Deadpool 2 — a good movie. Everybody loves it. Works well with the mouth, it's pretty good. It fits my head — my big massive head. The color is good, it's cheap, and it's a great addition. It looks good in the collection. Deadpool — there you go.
········
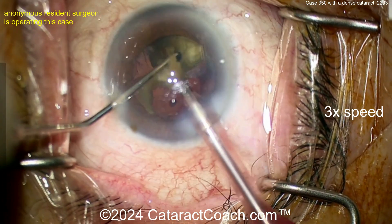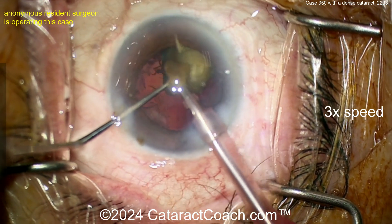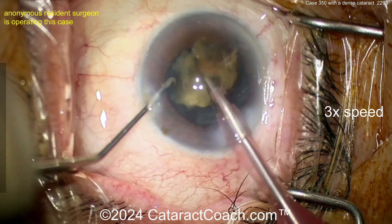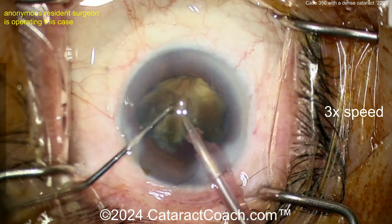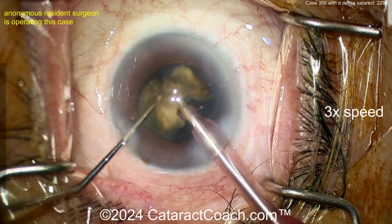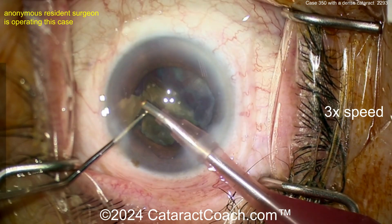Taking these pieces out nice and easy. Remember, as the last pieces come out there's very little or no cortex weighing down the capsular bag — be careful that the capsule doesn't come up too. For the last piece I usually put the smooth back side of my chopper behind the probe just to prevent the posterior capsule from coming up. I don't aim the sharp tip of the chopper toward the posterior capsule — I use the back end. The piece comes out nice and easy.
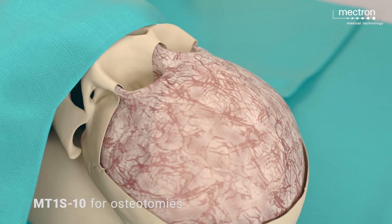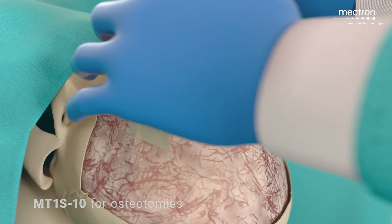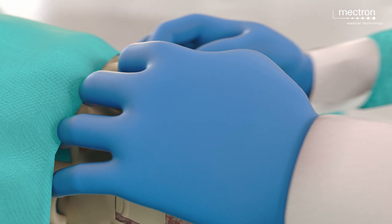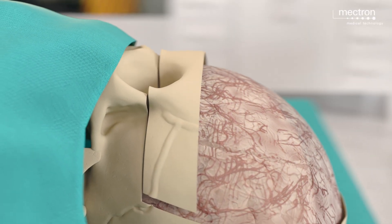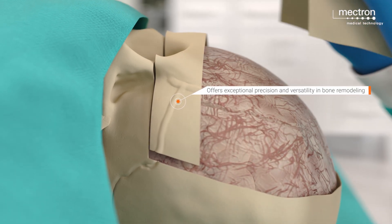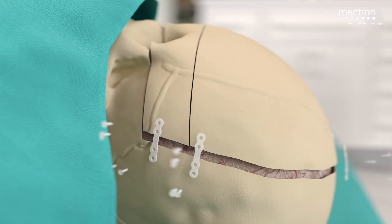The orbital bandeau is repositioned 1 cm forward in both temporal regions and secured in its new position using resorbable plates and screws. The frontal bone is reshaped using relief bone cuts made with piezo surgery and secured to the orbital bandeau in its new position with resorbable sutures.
········
:: Work instruction ::
Everything above from the line containing "Taking these pieces" down to the line containing "The orbital bandeau is" is to be duplicated exactly, both lines included, and the pictures are to be omitted.

:: Response to the task ::
Taking these pieces out nice and easy. Remember, as the last pieces come out there's very little or no cortex weighing down the capsular bag — be careful that the capsule doesn't come up too. For the last piece I usually put the smooth back side of my chopper behind the probe just to prevent the posterior capsule from coming up. I don't aim the sharp tip of the chopper toward the posterior capsule — I use the back end. The piece comes out nice and easy.
The orbital bandeau is repositioned 1 cm forward in both temporal regions and secured in its new position using resorbable plates and screws. The frontal bone is reshaped using relief bone cuts made with piezo surgery and secured to the orbital bandeau in its new position with resorbable sutures.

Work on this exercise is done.